Change-Id: I261bae3628315bda4ec0dafb8798c7512dd03a36
---
 Android.mk                |   1 +
 Makefile.vc               |   1 +
 build.gradle              |   1 +
 makefile.unix             |   1 +
 sharpyuv/Makefile.am      |   1 +
 sharpyuv/sharpyuv.c       | 139 ++++++--------------------------------
 sharpyuv/sharpyuv_gamma.c | 114 +++++++++++++++++++++++++++++++
 sharpyuv/sharpyuv_gamma.h |  35 ++++++++++
 8 files changed, 173 insertions(+), 120 deletions(-)

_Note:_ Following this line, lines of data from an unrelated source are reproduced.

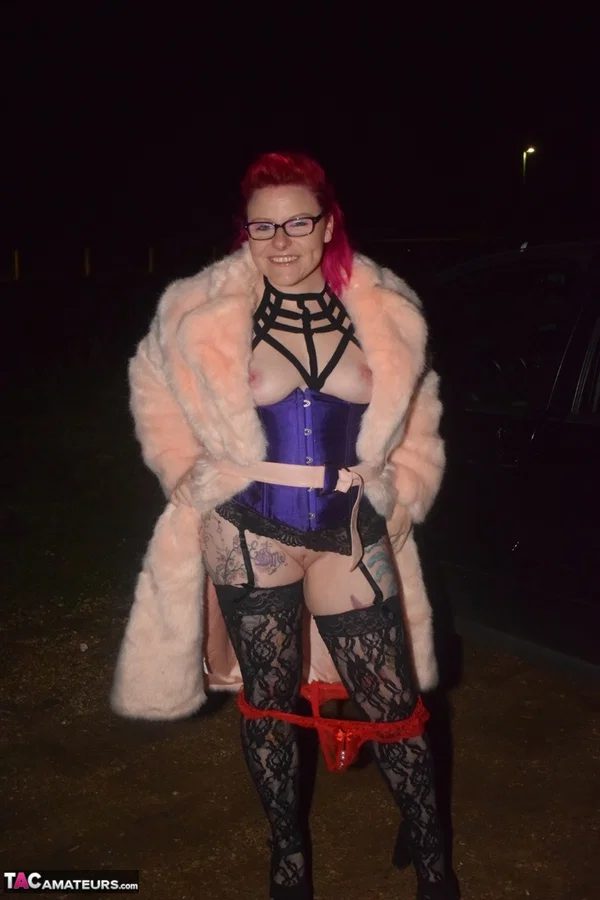 British redhead Mollie Foxxx models in glasses during a solo performance  - Stockings, Amateur, MILF, Glasses, Redhead, Lingerie, Outdoor, High Heels, Tattoo, Ass  - Photo 8
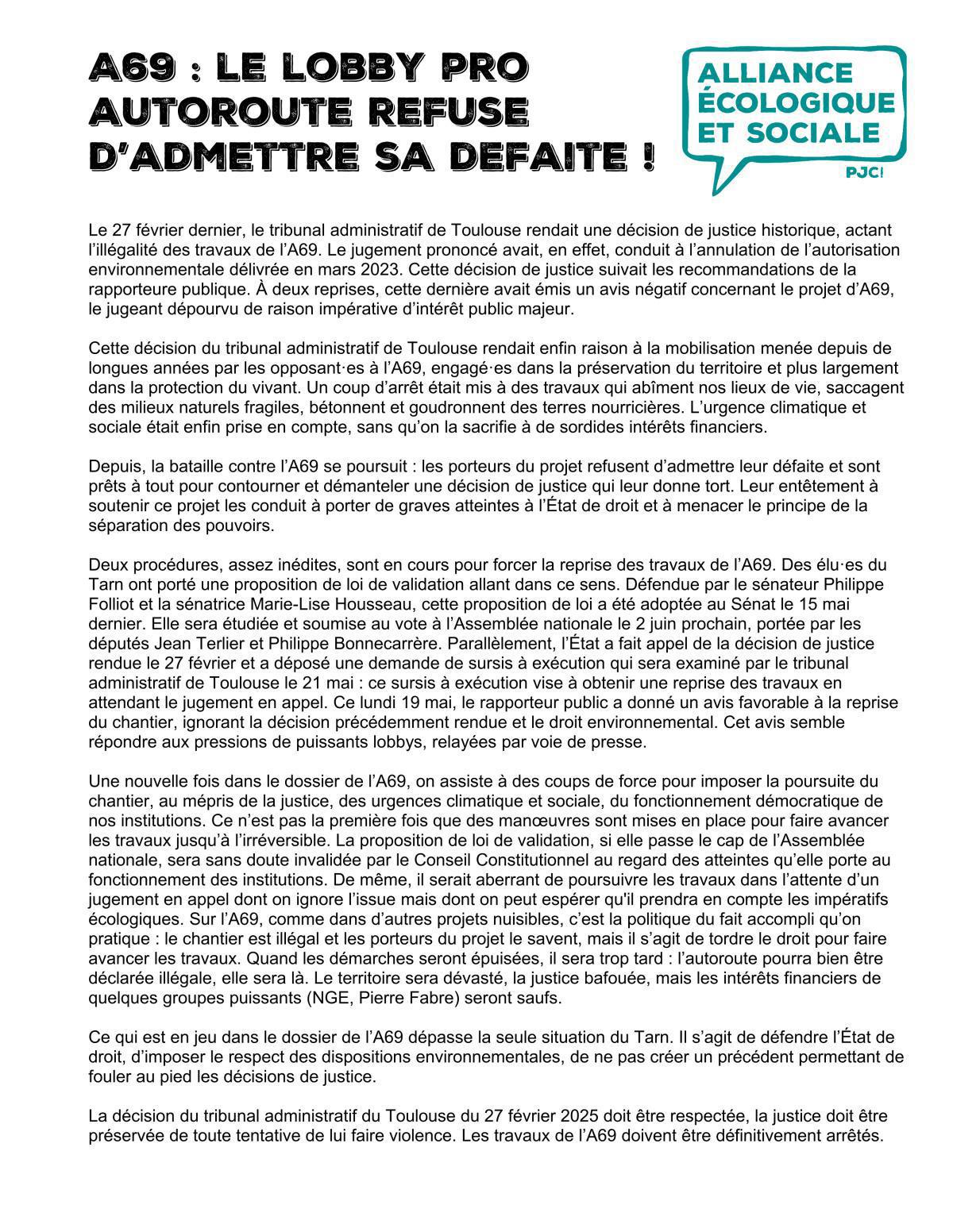 AES // A69 : le lobby pro-autoroute refuse d'admettre sa défaite !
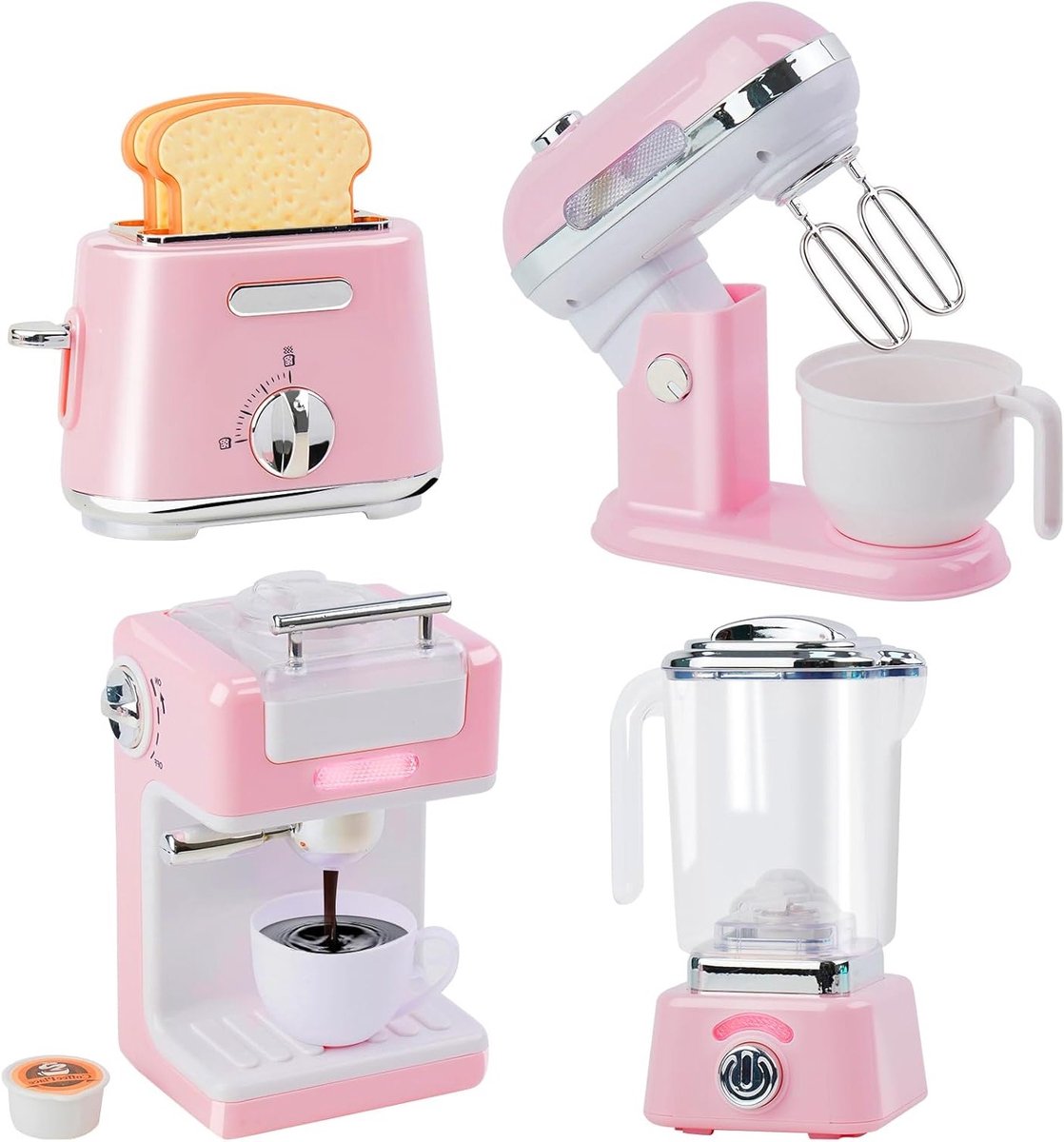 Speelkeuken Set voor Kinderen met Koffiezetapparaat, Mixer en Toaster - Realistische Geluiden en Lichten, Creatief Rollenspel voor Jongens en Meisjes van 3 tot 6 Jaar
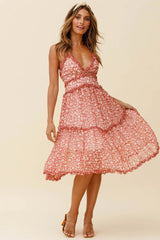 Laney Low Back Cami Strap Midi Dress Floral Print Rose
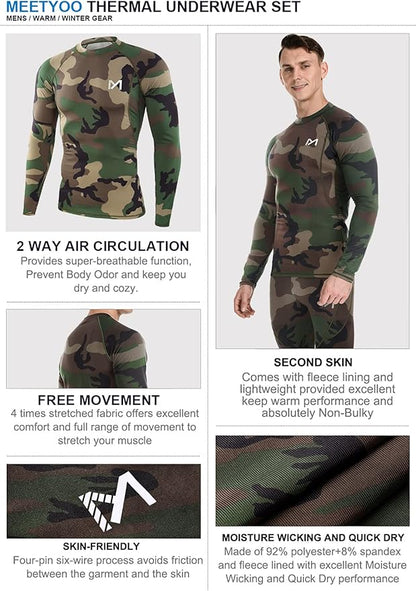 Thermal Underwear for Men, Winter Gear Long Johns Base Layer Top and Bottom Set for Skiing Running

 create mode 100644 sharpyuv/sharpyuv_gamma.c
 create mode 100644 sharpyuv/sharpyuv_gamma.h

diff --git a/Android.mk b/Android.mk
index 06a80f45..85ba5c6b 100644
--- a/Android.mk
+++ b/Android.mk
@@ -37,6 +37,7 @@ sharpyuv_srcs := \
     sharpyuv/sharpyuv.c \
     sharpyuv/sharpyuv_csp.c \
     sharpyuv/sharpyuv_dsp.c \
+    sharpyuv/sharpyuv_gamma.c \
     sharpyuv/sharpyuv_neon.$(NEON) \
     sharpyuv/sharpyuv_sse2.c \
 
diff --git a/Makefile.vc b/Makefile.vc
index f13bf4e6..f2541097 100644
--- a/Makefile.vc
+++ b/Makefile.vc
@@ -178,6 +178,7 @@ SHARPYUV_OBJS = \
     $(DIROBJ)\sharpyuv\sharpyuv.obj \
     $(DIROBJ)\sharpyuv\sharpyuv_csp.obj \
     $(DIROBJ)\sharpyuv\sharpyuv_dsp.obj \
+    $(DIROBJ)\sharpyuv\sharpyuv_gamma.obj \
     $(DIROBJ)\sharpyuv\sharpyuv_neon.obj \
     $(DIROBJ)\sharpyuv\sharpyuv_sse2.obj \
 
diff --git a/build.gradle b/build.gradle
index ed2b1b4c..13202a85 100644
--- a/build.gradle
+++ b/build.gradle
@@ -109,6 +109,7 @@ model {
             include "sharpyuv.c"
             include "sharpyuv_csp.c"
             include "sharpyuv_dsp.c"
+            include "sharpyuv_gamma.c"
             include "sharpyuv_neon.c"
             include "sharpyuv_sse2.c"
             srcDir "src/dec"
diff --git a/makefile.unix b/makefile.unix
index 2e067a22..73e1cfe8 100644
--- a/makefile.unix
+++ b/makefile.unix
@@ -129,6 +129,7 @@ SHARPYUV_OBJS = \
     sharpyuv/sharpyuv.o \
     sharpyuv/sharpyuv_csp.o \
     sharpyuv/sharpyuv_dsp.o \
+    sharpyuv/sharpyuv_gamma.o \
     sharpyuv/sharpyuv_neon.o \
     sharpyuv/sharpyuv_sse2.o \
 
diff --git a/sharpyuv/Makefile.am b/sharpyuv/Makefile.am
index 8bc6c773..a2297a76 100644
--- a/sharpyuv/Makefile.am
+++ b/sharpyuv/Makefile.am
@@ -22,6 +22,7 @@ libsharpyuv_neon_la_CFLAGS = $(AM_CFLAGS) $(NEON_FLAGS)
 libsharpyuv_la_SOURCES =
 libsharpyuv_la_SOURCES += sharpyuv_csp.c sharpyuv_csp.h
 libsharpyuv_la_SOURCES += sharpyuv_dsp.c sharpyuv_dsp.h
+libsharpyuv_la_SOURCES += sharpyuv_gamma.c sharpyuv_gamma.h
 libsharpyuv_la_SOURCES += sharpyuv.c sharpyuv.h
 
 libsharpyuv_la_CPPFLAGS = $(AM_CPPFLAGS)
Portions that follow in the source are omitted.